> Exercise aim
Return the data below exactly, stopping after the line with "TABURETE ALTO WOODY MARFIL DE RESOL - 1".

> Information shown
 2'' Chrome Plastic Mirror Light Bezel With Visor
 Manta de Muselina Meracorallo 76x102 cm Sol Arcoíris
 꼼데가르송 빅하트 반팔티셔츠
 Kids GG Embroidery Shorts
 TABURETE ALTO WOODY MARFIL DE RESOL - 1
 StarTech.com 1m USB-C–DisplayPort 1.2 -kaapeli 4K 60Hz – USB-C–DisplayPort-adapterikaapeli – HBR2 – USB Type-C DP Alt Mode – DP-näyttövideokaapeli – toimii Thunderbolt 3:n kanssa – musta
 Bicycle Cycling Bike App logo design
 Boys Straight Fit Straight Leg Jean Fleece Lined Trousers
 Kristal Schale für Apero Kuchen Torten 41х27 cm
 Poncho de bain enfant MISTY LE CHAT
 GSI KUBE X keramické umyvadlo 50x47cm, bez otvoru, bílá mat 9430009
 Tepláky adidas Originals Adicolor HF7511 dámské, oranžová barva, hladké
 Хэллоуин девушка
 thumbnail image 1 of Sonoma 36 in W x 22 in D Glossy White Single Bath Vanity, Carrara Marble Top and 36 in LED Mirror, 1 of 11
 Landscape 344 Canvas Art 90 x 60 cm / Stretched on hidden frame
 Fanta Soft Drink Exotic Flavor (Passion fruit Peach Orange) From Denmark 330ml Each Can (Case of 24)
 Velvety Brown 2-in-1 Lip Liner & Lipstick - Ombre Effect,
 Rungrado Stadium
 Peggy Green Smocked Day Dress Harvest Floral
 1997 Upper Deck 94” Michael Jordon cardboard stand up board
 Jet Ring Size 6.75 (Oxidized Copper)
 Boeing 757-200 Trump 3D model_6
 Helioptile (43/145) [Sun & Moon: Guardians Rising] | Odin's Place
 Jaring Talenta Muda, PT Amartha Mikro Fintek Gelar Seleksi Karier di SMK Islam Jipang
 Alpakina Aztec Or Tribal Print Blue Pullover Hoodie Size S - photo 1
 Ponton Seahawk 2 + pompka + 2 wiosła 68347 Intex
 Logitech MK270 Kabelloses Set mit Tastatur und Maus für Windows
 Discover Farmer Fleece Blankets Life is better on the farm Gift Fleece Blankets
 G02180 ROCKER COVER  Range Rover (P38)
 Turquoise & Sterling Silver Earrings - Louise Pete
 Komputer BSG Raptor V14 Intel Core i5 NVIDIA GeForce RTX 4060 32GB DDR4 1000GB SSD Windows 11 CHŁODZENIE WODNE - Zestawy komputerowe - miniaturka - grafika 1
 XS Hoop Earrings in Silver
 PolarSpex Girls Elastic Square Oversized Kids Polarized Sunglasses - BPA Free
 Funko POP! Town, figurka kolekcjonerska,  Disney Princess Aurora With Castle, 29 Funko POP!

> Result of this task
 2'' Chrome Plastic Mirror Light Bezel With Visor
 Manta de Muselina Meracorallo 76x102 cm Sol Arcoíris
 꼼데가르송 빅하트 반팔티셔츠
 Kids GG Embroidery Shorts
 TABURETE ALTO WOODY MARFIL DE RESOL - 1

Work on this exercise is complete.